How can critics of Islamophobia be more bothered by Trump than by what China is doing in Xinjiang?

It’s the sheer scale of the thing that is so terrifying.

There are roughly 11 million Uighurs in the sparse, arid lands of Xinjiang in northwestern China. At least a million of them — the U.S. Defense Department says it may be as many as 3 million — have been detained in what can only be called concentration camps.

Spokesmen in Beijing claim, somewhat perfunctorily, that these are “educational centers,” teaching the Chinese language and vocational skills. But they don’t really expect anyone to believe that. What they have in fact created is a gulag archipelago: a chain of prison camps, with armed guards and barbed wire, in which a form of cultural genocide is being pursued.

The Uighurs, a Turkic Muslim people, are being forcibly assimilated into Communist China with a brutality that evokes the Cultural Revolution. They are forced to eat pork, drink alcohol, shave their beards. At the same time, they are subjected to forced labor — yet another reminder that communism, in common with almost every other form of social organization over the past 10,000 years, relies on slavery and that, as the great economist Don Boudreaux likes to point out, capitalism is the one system that tends to eliminate that foul institution.

The muted way in which these abominations are covered is puzzling. Sure, there is plenty of hardship in the world. There are wars and refugee crises all over Asia, from Yemen to Burma. But I can’t think of another human rights crisis where there is such a mismatch between the number of people involved and the amount of international interest.

Think of the outrage when President Trump proposed some pretty token restrictions on immigration from a number of Muslim-majority states. There was worldwide condemnation and rage. He was, we were told, validating a form of Islamophobic bigotry that would take us back to the Middle Ages.
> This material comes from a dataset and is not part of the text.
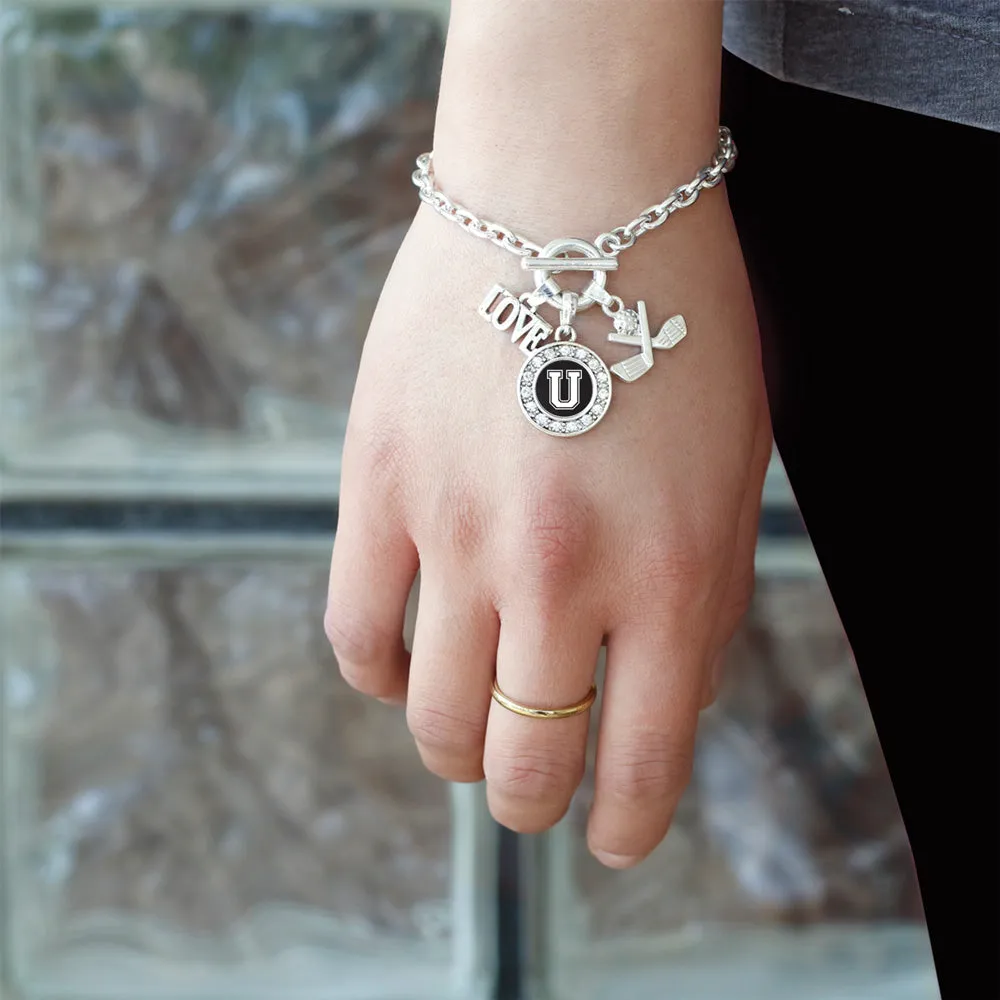 Silver Cheerleader - Sports Initial U Circle Charm Toggle Bracelet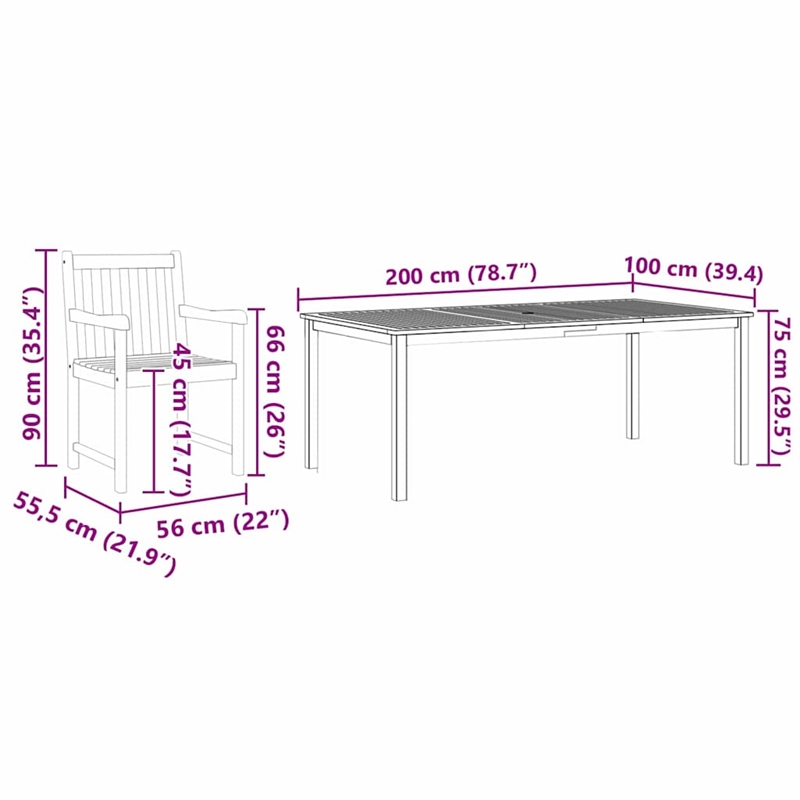 vidaXL 7 Piece Garden Dining Set in Brown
Yet when another world power, a totalitarian regime, puts Muslims in concentration camps, the same pundits make mild disapprobatory noises and change the subject. Nor, by the way, does this apply only to American liberals. We find the same double standard among European leftists and, indeed, among commentators and politicians in Islamic countries.

Why the asymmetry? Part of the answer, of course, is “because Trump.” Some critics are just more interested in pointing to the president’s prejudices than in redressing injustices.

But “because Trump” is simply a distilled form of the traditional “because America.” To the committed anti-colonialist, the world’s worst ills come from the West in general and the United States in particular. The poverty in Venezuela, for example, is blamed not on socialism but on largely imaginary U.S. sanctions. The abominations carried out by the Islamic State are somehow America’s fault, because in a way that no one ever quite explains, that group came into existence as a result of the Iraq War. And so on.

In some parts of the world, these conspiracy theories are a legacy of the Cold War. If your childhood was drenched with propaganda about Yankee imperialism, some of it will have seeped in. In the United States, a form of solipsism comes into play. Just as individuals tend to place themselves at the center of the universe, so do countries. We assume that everything is about us.

There is more to it than that, though. Deep down, the asymmetry of condemnation is rather flattering to the United States. Nasty words from a U.S. president are somehow more outrageous than systematic repression from China, because in the final analysis, most people — including most Muslims — hold the U.S. to a higher standard than they do China.

Why is China behaving this way? Partly because communists loathe religion, but mainly because of something more chilling. In The Dawn of Eurasia, published last year, Bruno Macães talks about the roadblocks and checkpoints that a traveler encounters in Xinjiang. He recounts being stopped seven times at successive street corners and held up for a whole day on a rural road. He concludes, “There can be no Belt and Road without Xinjiang, but at the same time it is difficult to see how China will solve the contradiction between facilitating trade and movement while closing borders and subjecting everyone to surveillance.” Macães, a former minister from Portugal, is a far-sighted writer, but the actual solution — interning an entire population — was beyond what he could imagine as recently as last year.

To summarize: In pursuit of commercial gain, modern China is doing something that we associate with Hitler and Stalin, namely locking up whole populations on ethnic and religious grounds. If you’re more bothered by Trump saying hurtful things, you need to ask yourself some hard questions about what motivates you.